In 2016, actor Will Smith was quoted as saying, “Racism is not getting worse, it’s getting filmed.” What has been covered up will be uncovered - what has been secret will become known. Our peace will be disrupted because there has never truly been peace where justice has been denied.

“No justice, no peace.”

“I came not to bring peace, but the sword.”

I like to think that Jesus means the sword of justice, the sword that will bring the powerful down from their thrones as Mary sang in the Magnificat, the sword that will topple statues of deeply flawed people, the sword that will rip the veil from our eyes. This sword, Jesus promises us, means that the last shall be first and the first shall be last.

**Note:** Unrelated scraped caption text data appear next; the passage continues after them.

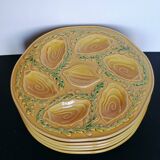 5 Orfinox majolica oyster plates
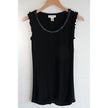 Kenar Tank Top Women Large Black Beaded Neck Ruffle Sleeve Viscose Ruching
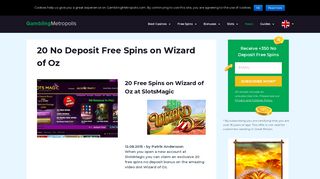 
                            5. 20 No Deposit Free Spins on Wizard of Oz - GamblingMetropolis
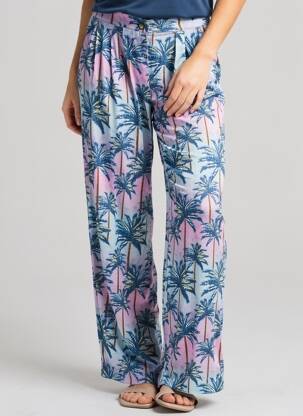 Pantalon large tissage popeline taille haute bleu LA PETITE ETOILE femme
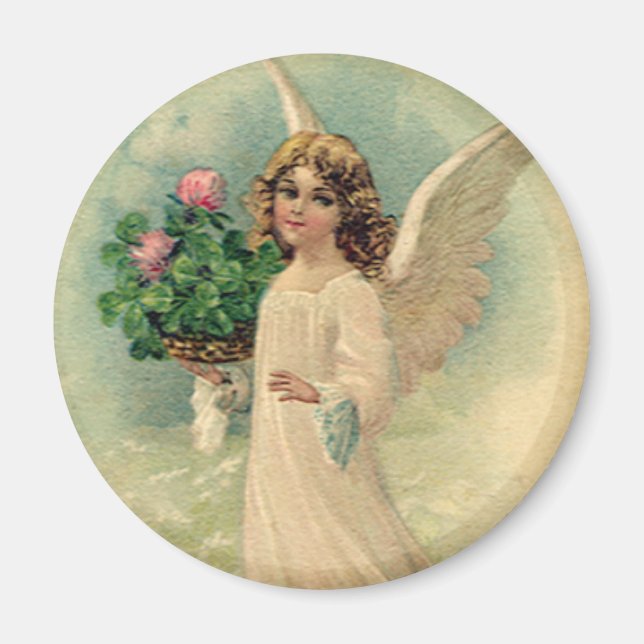 Aimant Ange victorien vintage de Pâques avec des fleurs (Devant)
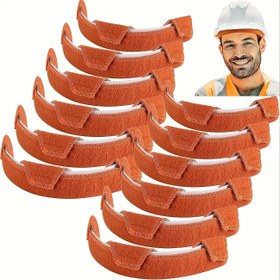 Resim 2 adet Turuncu/Siyah Kask Köpük Ter Pedleri - Yıkanabilir, Katlanabilir, Nefes Alabilir, Yangı Önleyici Güvenlik Kask Linerleri, Konfor ve Görünürlük için, Yaz Aksesuarları | Nefes Alabilir Başlık | Rahat Başlık 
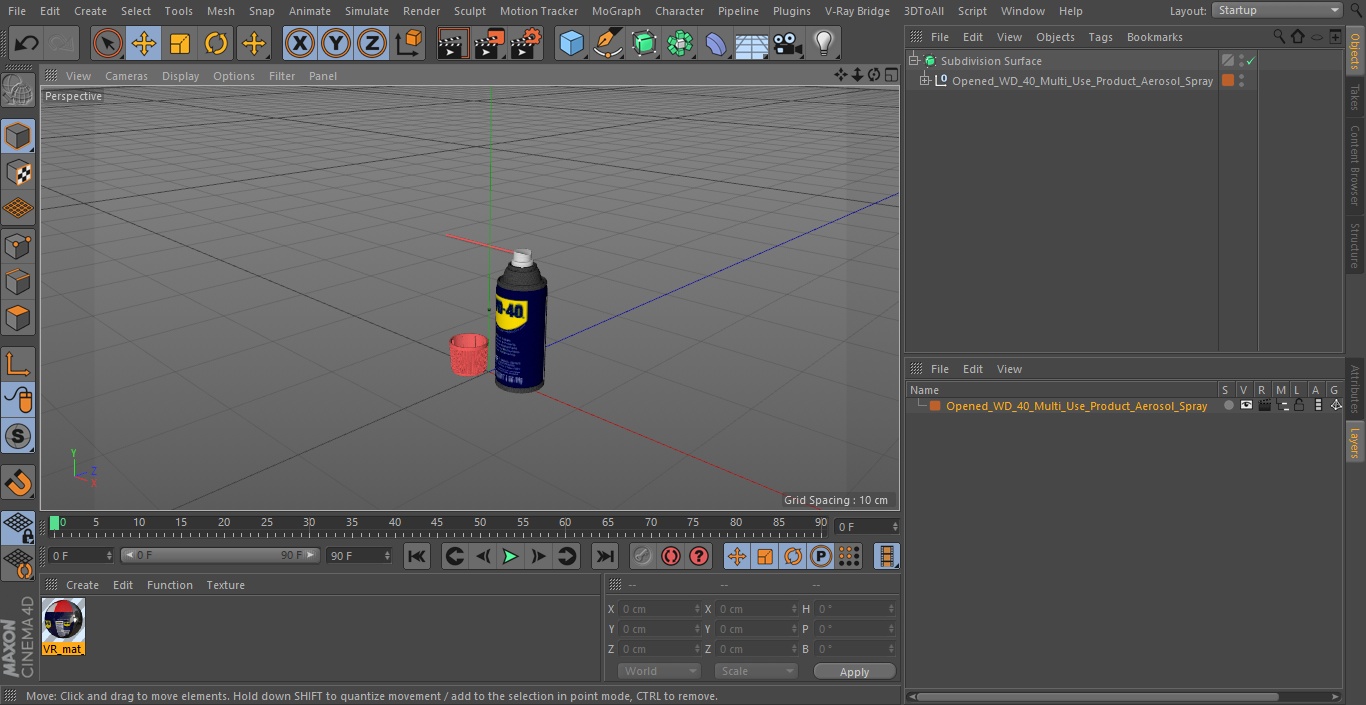 Opened WD 40 Multi Use Product Aerosol Spray 3D model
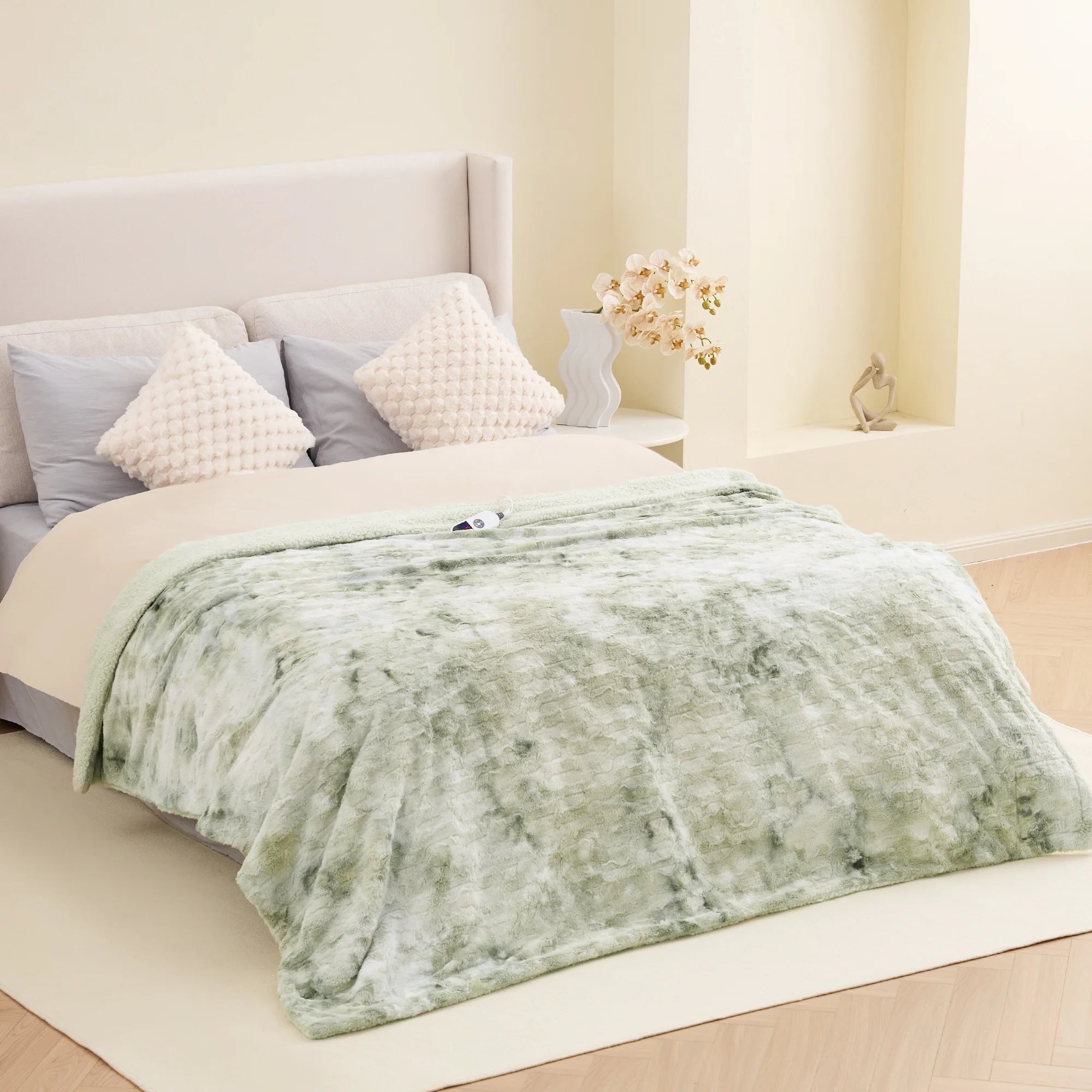 Heated Blanket 72"X84" Faux Fur & Sherpa Electric Blanket with 6 Heat Levels, 10H Timer, LED Display, Machine Washable, Tie-Dye Green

In the Romans passage from today, Paul reminds us that we must die to sin in order that we might live in Christ Jesus. He was echoing Christ who said that “those who find their life will lose it, and those who lose their life for my sake will find it.” This sword Jesus brings makes sure that those who are willing to lose their lives will find it, while those who cling to their lives and their power in this world shall lose them.

To those in power, to those comfortable with the status quo, any disruption of that supposed peace will always look and feel like violence, even if it’s not. Even if it’s just a people rising up to demand what God has promised, justice, and true peace.

“No justice, no peace.”

When we go into the world demanding justice, reminding those in power that there is no peace without it, there are those with whom our relationships will be strained and even severed. Jesus warned his disciples of this - that son would be turned against father, a daughter against her mother - that our foes would be members of our own household. There will be those we know who want to cry “Peace, peace” when there is no peace.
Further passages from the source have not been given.